Les communications boursières, ou du moins certaines d'entre elles, et les taux directeurs de la Banque centrale feraient-ils grimper l'indice de bonheur brut ? Autant de concepts qui se télescopent à première vue mais qui restent au centre des préoccupations du Tunisien moyen. La quête du bonheur, qui se fait de plus en plus insaisissable, se lamentent certains, passerait-elle désormais par la veille sur les informations boursières et bancaires ? C'est qu'on ne badine plus avec le bonheur et les aspirations populaires surtout depuis que des scientifiques lui ont offert une caution scientifique. C'est un universitaire britannique, Adrian White, en l'occurrence, qui a ainsi dressé une carte mondiale du bonheur. Les pays ont été classés en fonction du degré de béatitude atteint par leur population. Dans ce classement, la Tunisie occupe le 79ème rang, derrière les Emirats Arabes Unis (22ème), Oman 30ème, l'Arabie Saoudite 31ème
Les Français, connus pour être plutôt rouspéteurs, viennent en 62ème position. L'argent contribuerait-il tant que ça au bonheur des peuples ? Le parfait contre-exemple vient du Bhoutan, petit Etat himalayen, qui, avec une enviée 8ème place relativise l'impact des finances sur le bonheur des peuples.
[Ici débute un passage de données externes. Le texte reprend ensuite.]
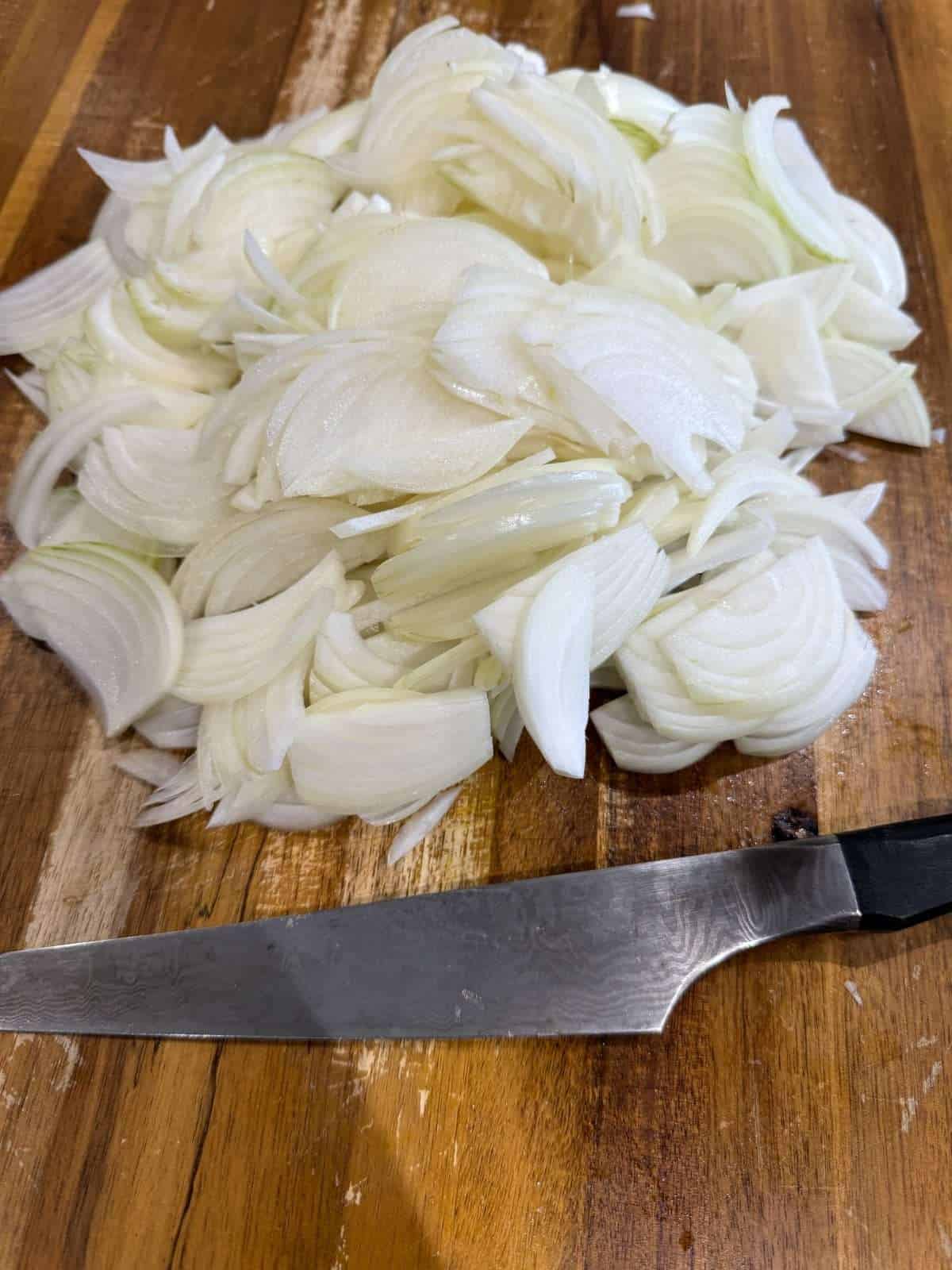 thinly sliced brown onions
Et d'ailleurs un autre classement (encore un) détrompera cette hiérarchie par trop matérialiste. Globeco, une revue en ligne publiée par Pierre le Roy, un énarque atypique qui se présente comme le créateur de l'indice du bonheur mondial, met la Tunisie en 38ème position mondiale. Nous voici bons premiers, aux niveaux arabe et africain. Bien avant les Chinois 45ème, Saoudiens 46ème, et même les Russes 47ème.
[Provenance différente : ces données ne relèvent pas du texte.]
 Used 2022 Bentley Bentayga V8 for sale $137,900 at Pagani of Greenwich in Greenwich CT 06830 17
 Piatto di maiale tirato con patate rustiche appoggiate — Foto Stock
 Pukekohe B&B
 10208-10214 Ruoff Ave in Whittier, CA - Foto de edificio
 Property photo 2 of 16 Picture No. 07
Le bonheur du Tunisien moyen est pourtant clairement identifié par les experts, comme par les amateurs de potins du café du commerce : une voiture populaire et une maison, pour abriter la petite famille. Quitte à payer pendant 25 ans les agios bancaires. Le bonheur est à ce prix, et il aurait tendance à se faire plus accessible, si l'on en croit l'une des communications boursières les plus attendues par les journalistes économiques comme par le public. Celle du groupe Artes, bien sûr. Et pour cause ! M. Mzabi a parlé de la Logan, cette automobile encore plus populaire que n'importe laquelle de nos petites cylindrées. Pour des questions de prix, évidemment, et de prêts aussi, bien sûr. Alors si les Chinoises venaient aussi à rouler sur nos routes, aux prix de Pékin, cela va de soi, on contribuerait largement au bonheur national brut, de décoffrage.
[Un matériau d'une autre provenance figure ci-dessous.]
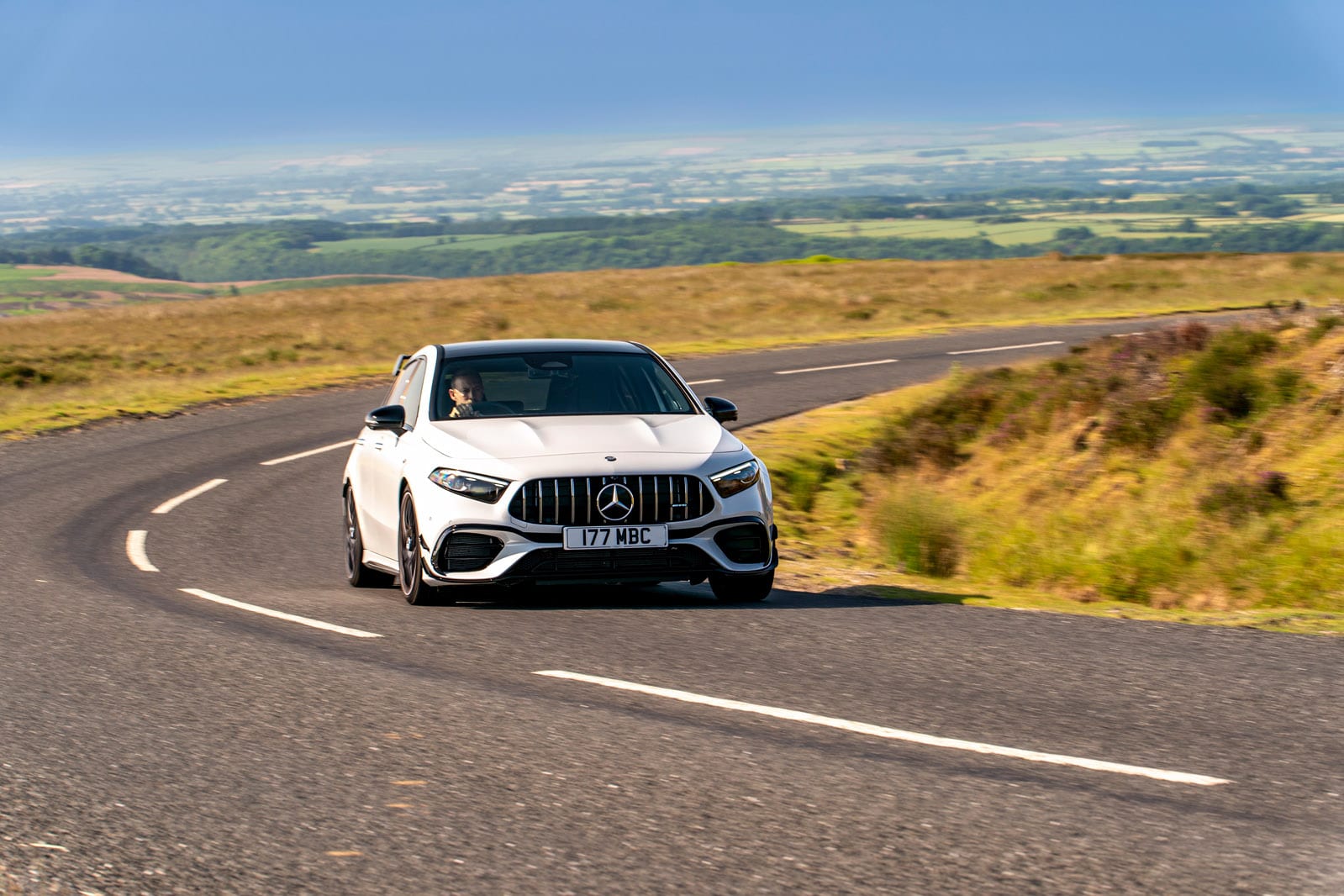 مرسدس-AMG A45 S در حال پیچیدن سریع از جلو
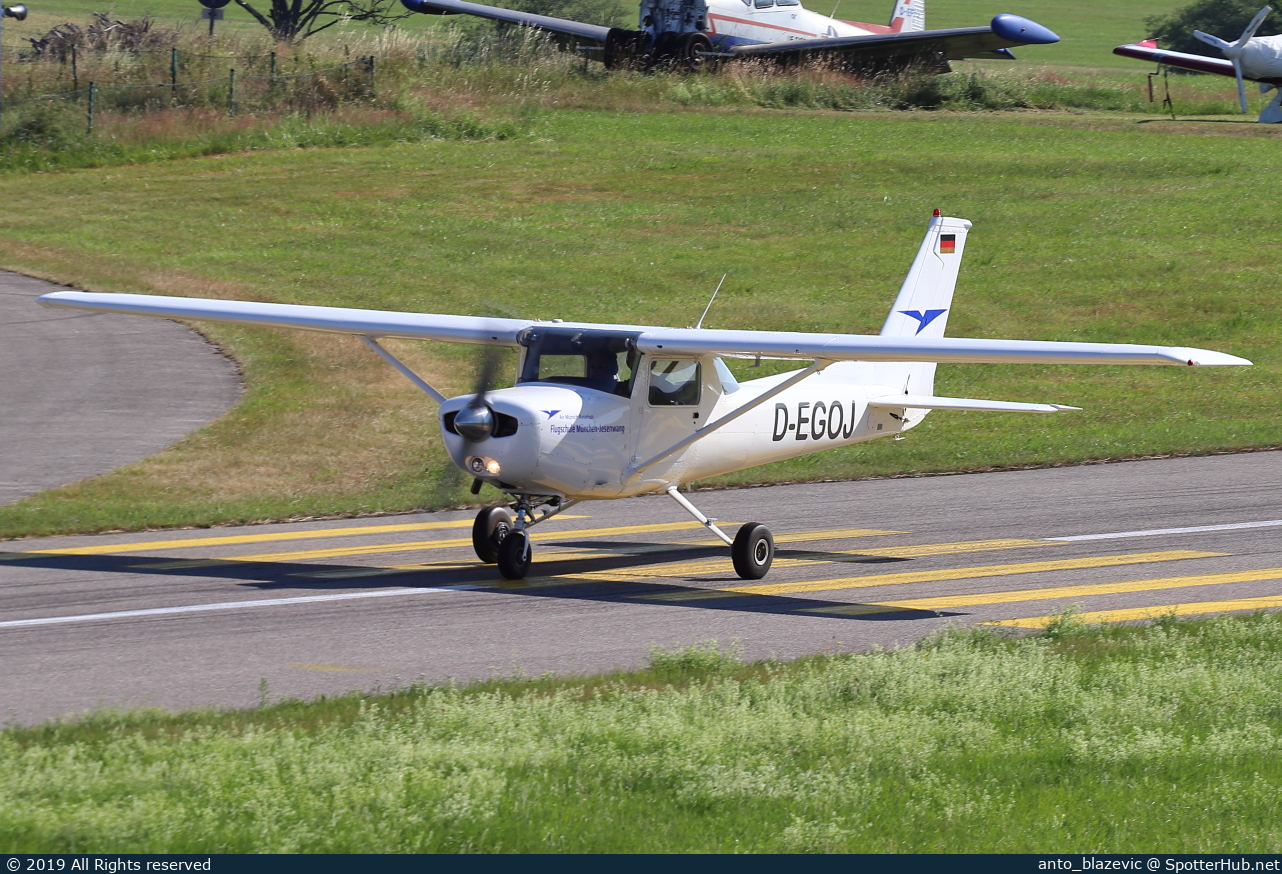 Photo of D-EGOJ - Reims-Cessna F152 operated by Air Munich Aviation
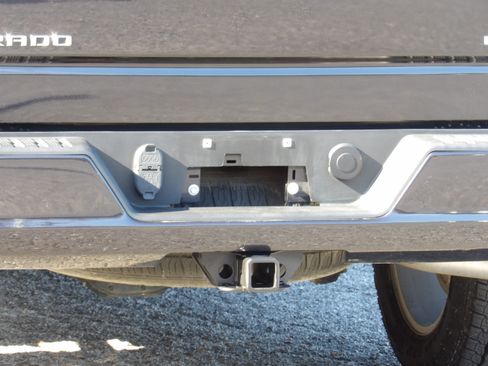 Used 2022 Chevrolet Silverado 1500 Custom image 12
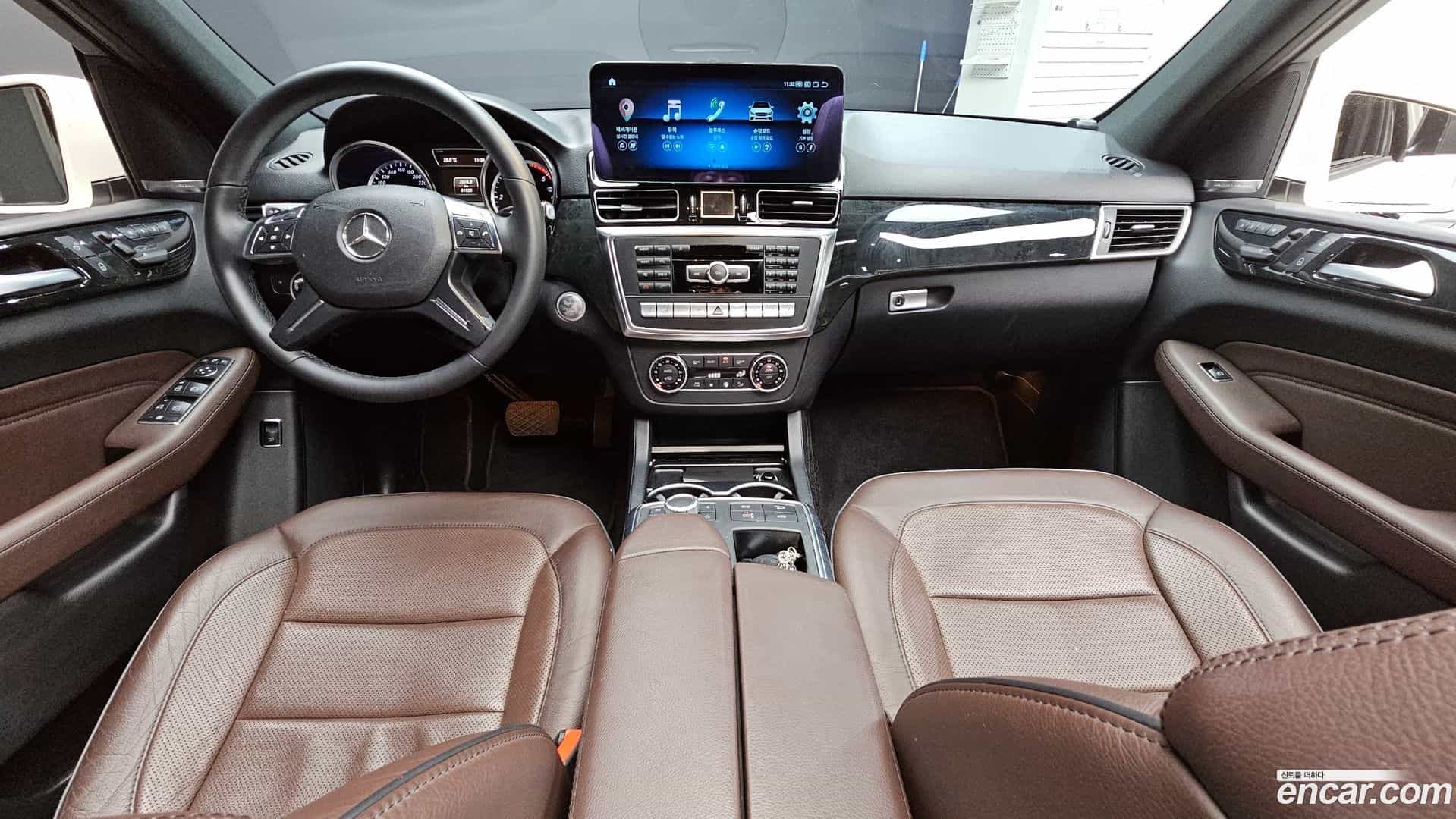 M-class Mercedes-Benz 2013.3-INNER-007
Et voilà que la Banque Centrale s'est mise de la partie, en déclarant vouloir baisser les taux d'intérêt des prêts à long terme. Même si la vénérable institution n'a pas communiqué sur l'étendue réelle de la mesure, en précisant les chiffres de la baisse éventuelle. Les taux suivront la pente douce, qui va dans le sens de l'épargne de nos concitoyens, qui rêvent d'habitat. Et l'actualité a de ces ironies, parfois, en donnant de quoi épicer la cuisine de la communication financière généralement plutôt fade. Les épices nous viennent d'Inde, et autres pays d'Extrême-Orient, d'où nous viendra pareillement le salut de nos portefeuilles, avec des véhicules réellement populaires. Les Bhoutanais, qui sont allés votés hier, en savent quelque chose. Leur pays a en effet déclaré l'indice de bonheur brut plus important que la maigreur du PNB. Ils se sont donc mis à chiffrer et quantifier le bonheur, pour afficher des données pourtant pas macroéconomiques, cependant plus «présentables» aux yeux (sévères) des économistes étrangers.
Les Tunisiens, eux, agissent de manière encore plus subtile. Si nous ne sortons pas de la rigueur des communications boursières et bancaires, nous savons l'adoucir, pour nous dorer la pilule. Pour que l'on continue à soupeser nos chances d'accès à la voiture, assortie de la maison populaire. C'est ce que l'on appelle une Banque Centrale de rêve ! Des mesures qui nous feront, à coup sûr, grimper dans le classement mondial du bonheur. O.C.